┌──

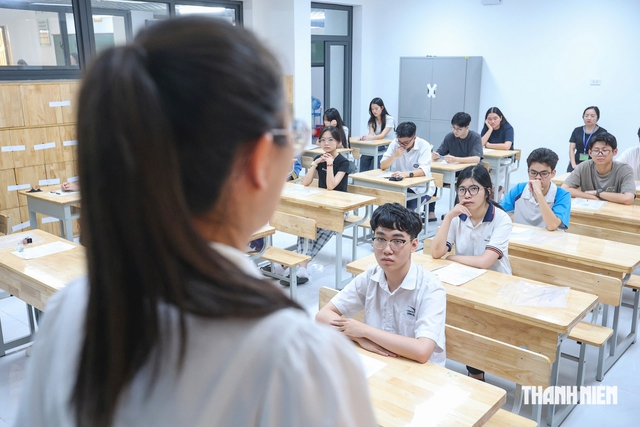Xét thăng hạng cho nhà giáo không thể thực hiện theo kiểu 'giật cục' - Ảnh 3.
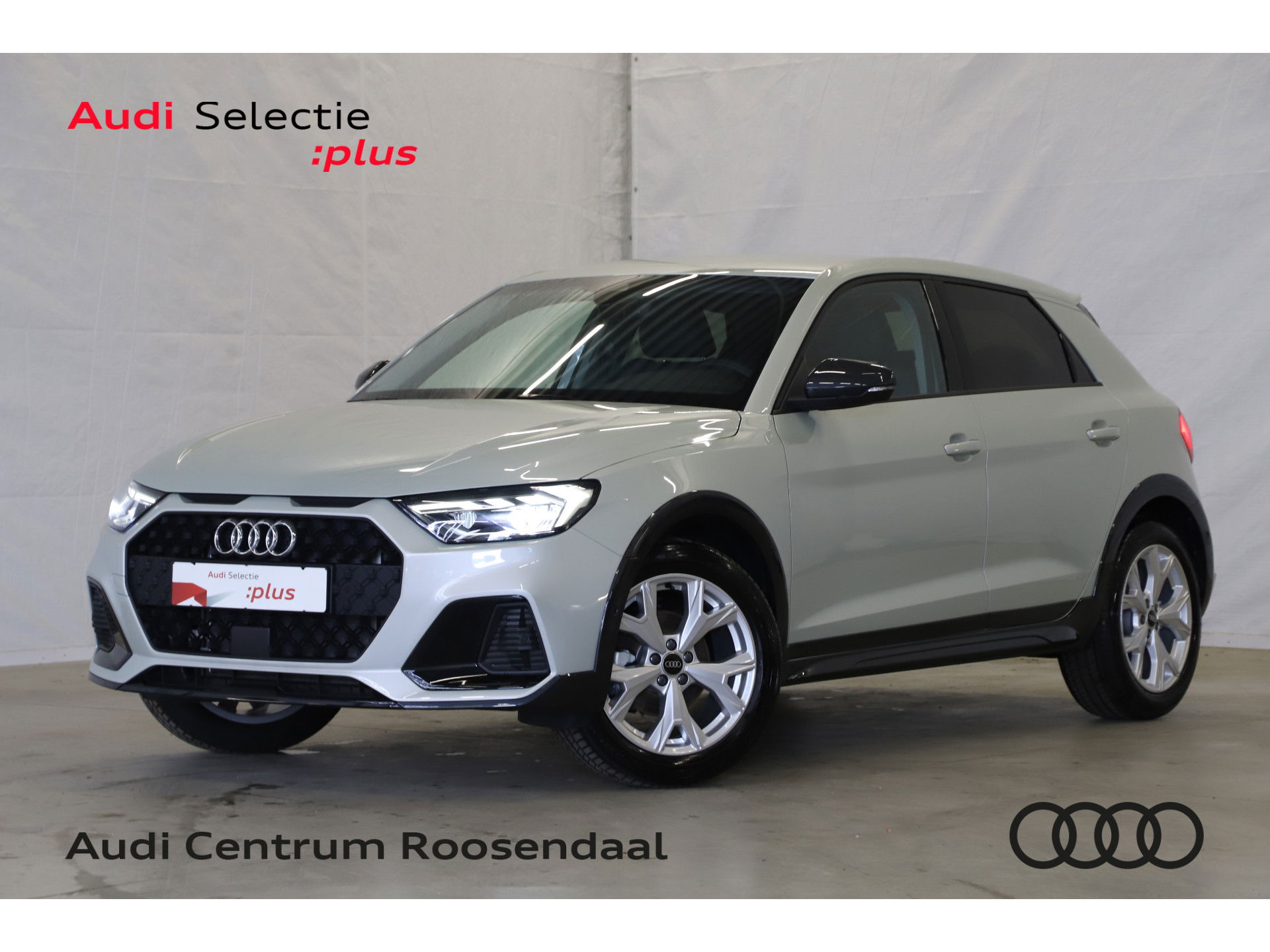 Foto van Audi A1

└──
┌──

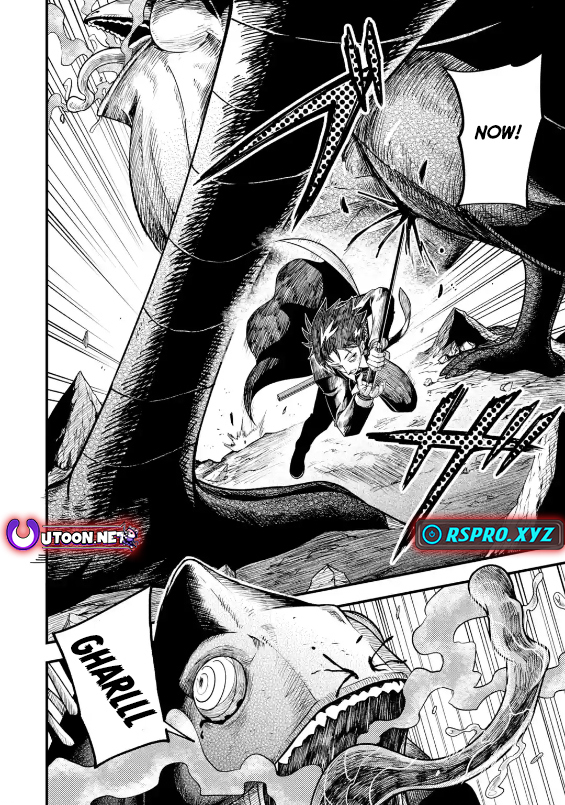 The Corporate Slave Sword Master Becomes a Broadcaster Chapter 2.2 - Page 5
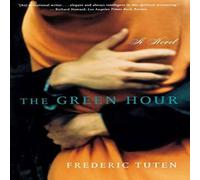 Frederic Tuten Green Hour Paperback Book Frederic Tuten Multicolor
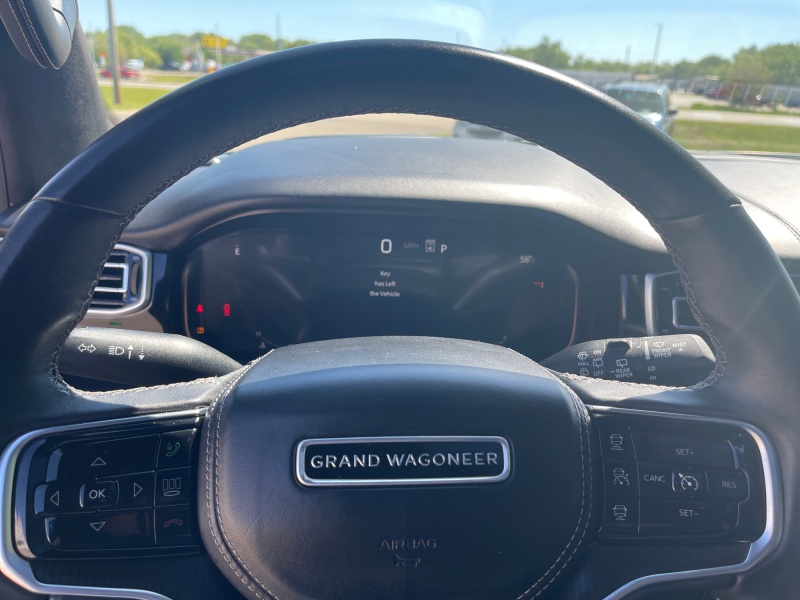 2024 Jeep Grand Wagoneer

└──

Task item
Please set down, exactly and with no pictures, the lines in the entries above starting at the one holding "Frederic Tuten Green" and ending at the one holding "2024 Jeep Grand Wagoneer", ends included.

Answer for this exercise
 Frederic Tuten Green Hour Paperback Book Frederic Tuten Multicolor
 2024 Jeep Grand Wagoneer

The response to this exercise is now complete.